Juil 30, 2021 | Commentaires fermés sur Le Musée, de Bashar Murkus, Chapelle des pénitents blancs, Festival d’Avignon (In)

 

© Christophe Raynaud de Lage / Festival d’Avignon

 

ƒƒƒ article de Emmanuelle Saulnier-Cassia

Deux hommes se font face. L’un derrière une caméra pose des questions, l’autre filmé y répond, parfois et même souvent à côté, tout en hochant de la tête sans interruption.
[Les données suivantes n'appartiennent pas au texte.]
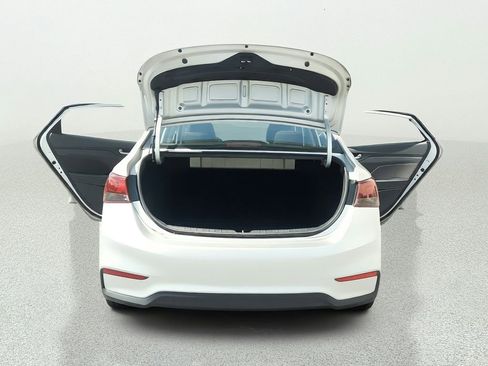 Used 2020 Hyundai Accent SE FWD image 12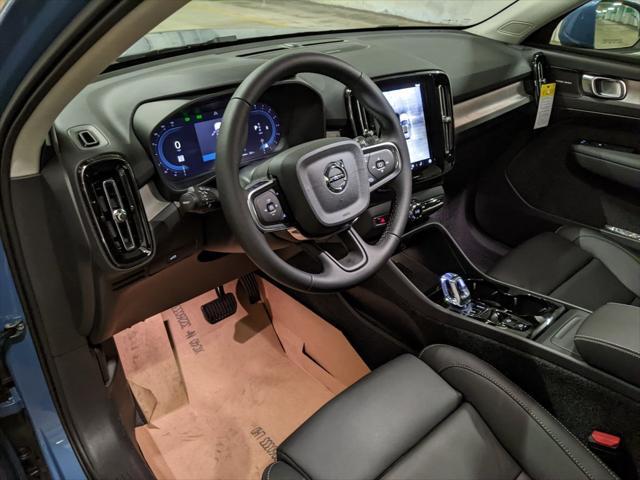 new 2025 Volvo XC40 car, priced at $51,145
Le premier est chargé de l’enquête, le second un terroriste. Il a perpétré un attentat faisant cinquante victimes dans un musée. Plus l’entretien avance, plus l’étrange se met en place. Les réponses du terroriste se font rapidement étonnantes puis révoltantes. Bashar Murkus provoque directement les spectateurs. Il ne les place pas seulement comme témoins, mais les impliquent peu à peu. Combien de temps pourront-ils écouter de telles atrocités ? Combien d’entre eux vont quitter la jolie salle du XIVème siècle de la Chapelle des pénitents blancs après avoir entendu que le terroriste regrette de ne pas avoir signé de son nom la toile sur laquelle il a fait exploser la tête de l’enseignante qui avait tenté de le stopper. Aucun, en tout cas lors de la dernière représentation du 25 juillet, la majorité ayant sans doute compris le combat intérieur provoqué par la manipulation qui s’organise sur scène entre deux êtres dont les rôles de victime et bourreau tendent à s’inverser.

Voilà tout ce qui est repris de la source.